**What you need to do:**
Reproduce everything from the line that contains "Worn medieval paper with figures 3D Model" down to the line that contains "Threshold Studio McGee" in the listing below, word for word and nothing more. Leave the pictures out.

=-=-=-=-=

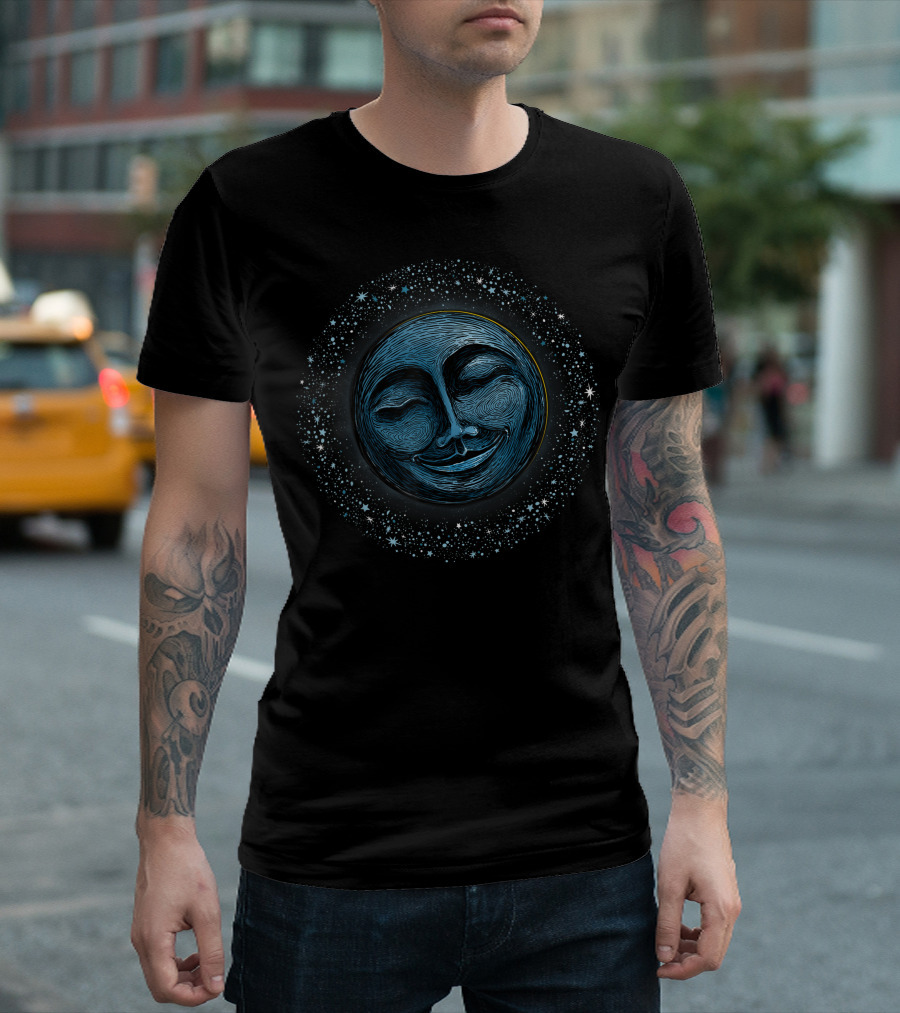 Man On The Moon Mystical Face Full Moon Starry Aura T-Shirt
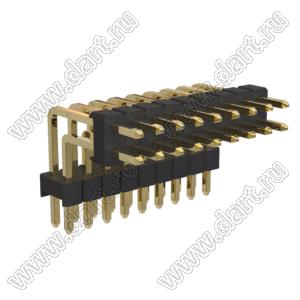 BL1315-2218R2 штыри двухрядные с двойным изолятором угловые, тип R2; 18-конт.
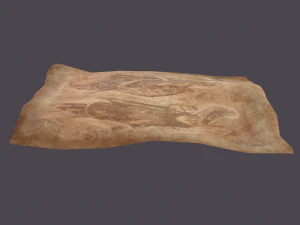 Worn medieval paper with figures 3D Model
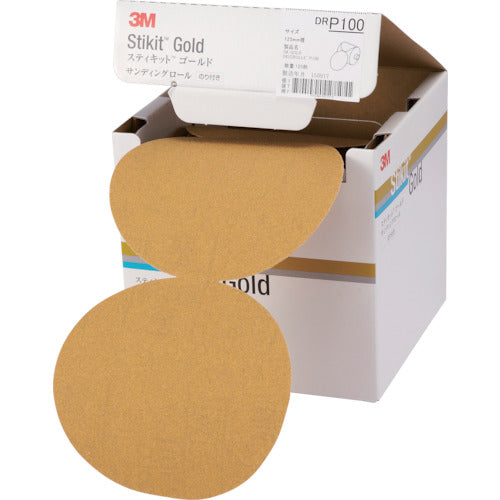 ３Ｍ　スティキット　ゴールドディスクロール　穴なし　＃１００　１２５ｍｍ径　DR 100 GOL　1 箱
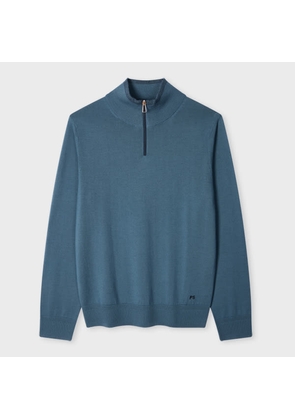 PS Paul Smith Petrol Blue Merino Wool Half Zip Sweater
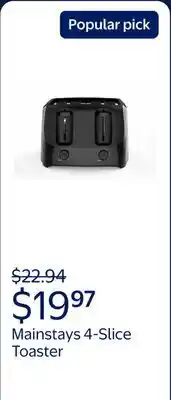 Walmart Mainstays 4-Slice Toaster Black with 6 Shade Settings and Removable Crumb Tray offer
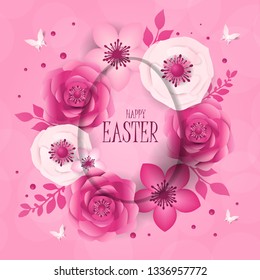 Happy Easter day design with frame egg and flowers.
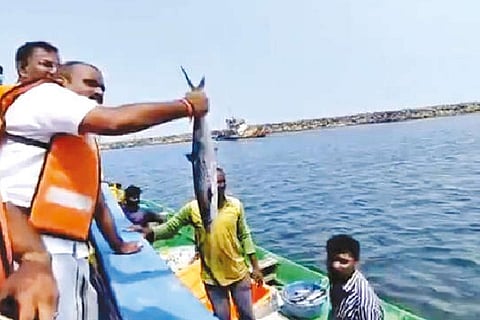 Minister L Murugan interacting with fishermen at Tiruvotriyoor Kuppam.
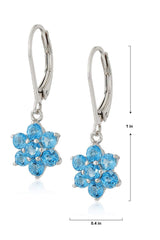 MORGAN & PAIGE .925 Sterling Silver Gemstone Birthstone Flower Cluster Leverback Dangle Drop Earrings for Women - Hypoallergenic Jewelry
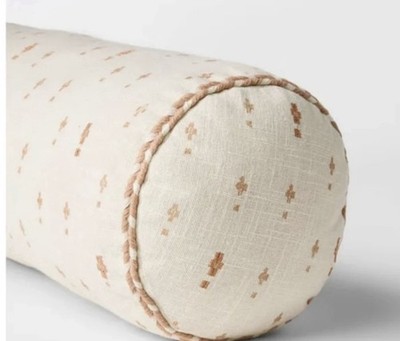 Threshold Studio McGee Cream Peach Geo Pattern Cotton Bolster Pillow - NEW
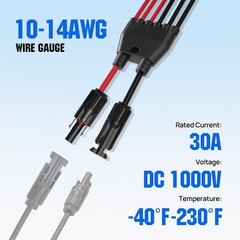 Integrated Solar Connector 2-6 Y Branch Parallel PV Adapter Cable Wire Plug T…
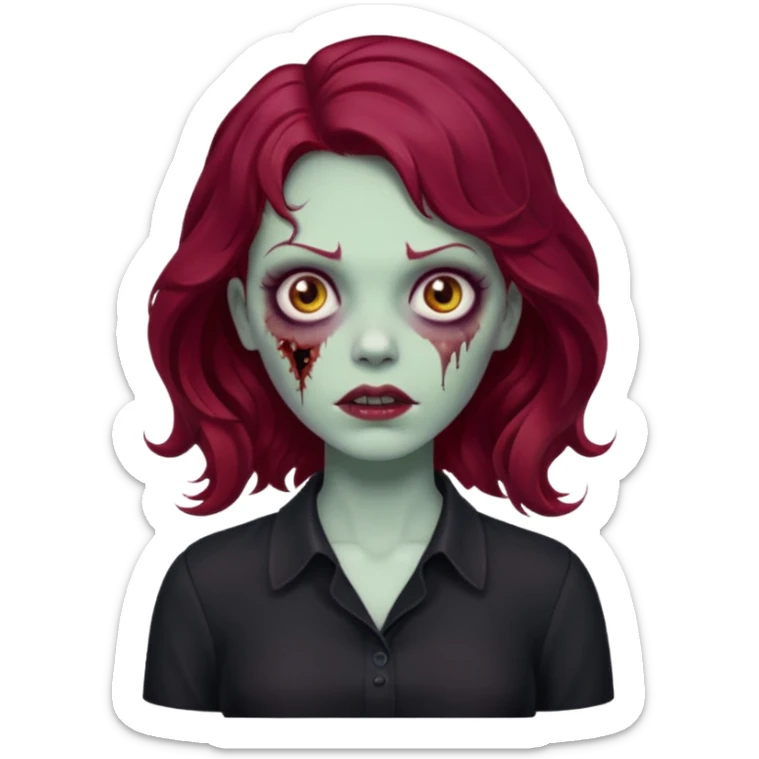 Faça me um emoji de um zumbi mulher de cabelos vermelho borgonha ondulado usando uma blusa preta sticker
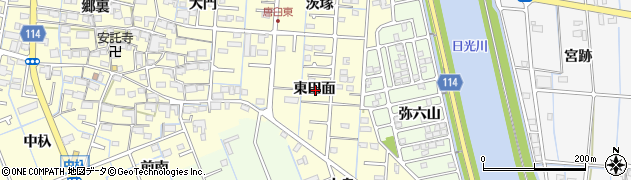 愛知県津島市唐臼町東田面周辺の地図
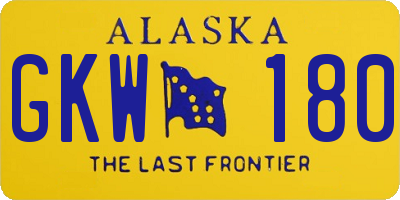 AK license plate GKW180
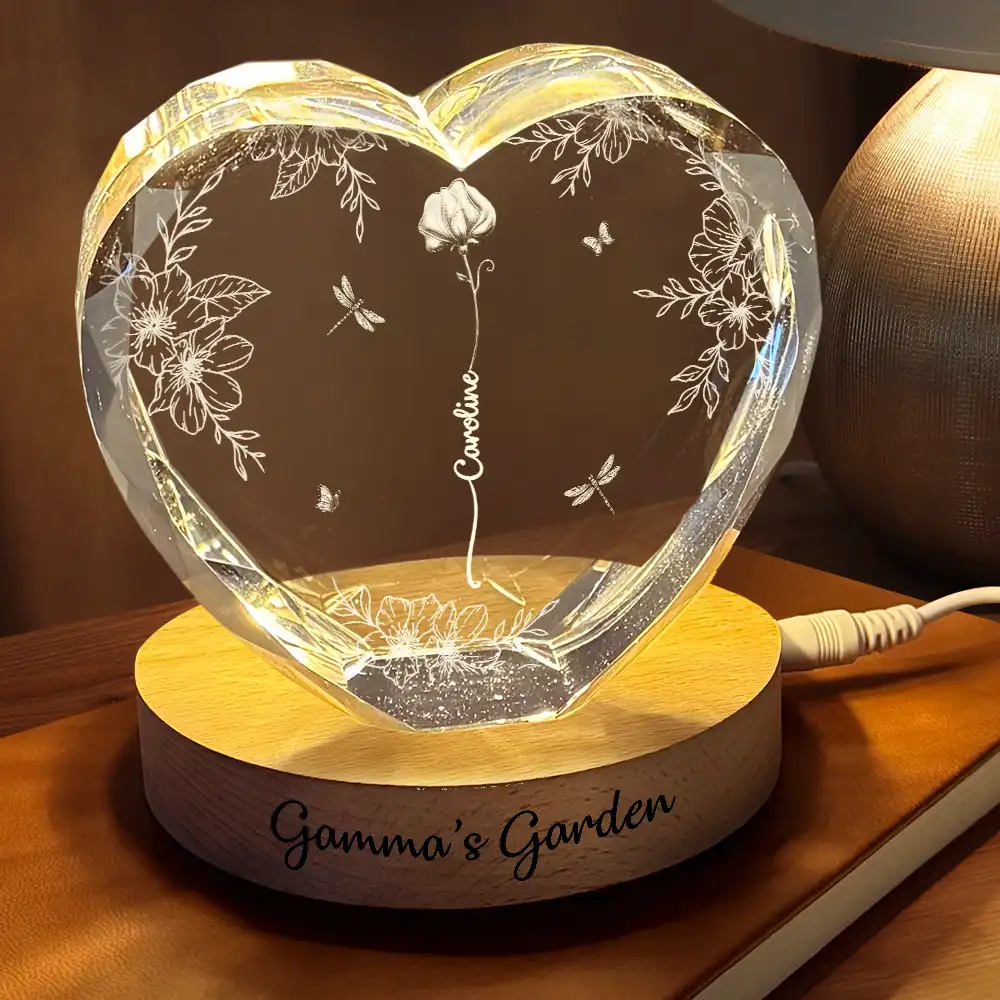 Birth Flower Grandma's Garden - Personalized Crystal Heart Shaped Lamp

=-=-=-=-=

**Result below:**
 Worn medieval paper with figures 3D Model
 ３Ｍ　スティキット　ゴールドディスクロール　穴なし　＃１００　１２５ｍｍ径　DR 100 GOL　1 箱
 PS Paul Smith Petrol Blue Merino Wool Half Zip Sweater
 Walmart Mainstays 4-Slice Toaster Black with 6 Shade Settings and Removable Crumb Tray offer
 Happy Easter day design with frame egg and flowers.
 Minister L Murugan interacting with fishermen at Tiruvotriyoor Kuppam.
 MORGAN & PAIGE .925 Sterling Silver Gemstone Birthstone Flower Cluster Leverback Dangle Drop Earrings for Women - Hypoallergenic Jewelry
 Threshold Studio McGee Cream Peach Geo Pattern Cotton Bolster Pillow - NEW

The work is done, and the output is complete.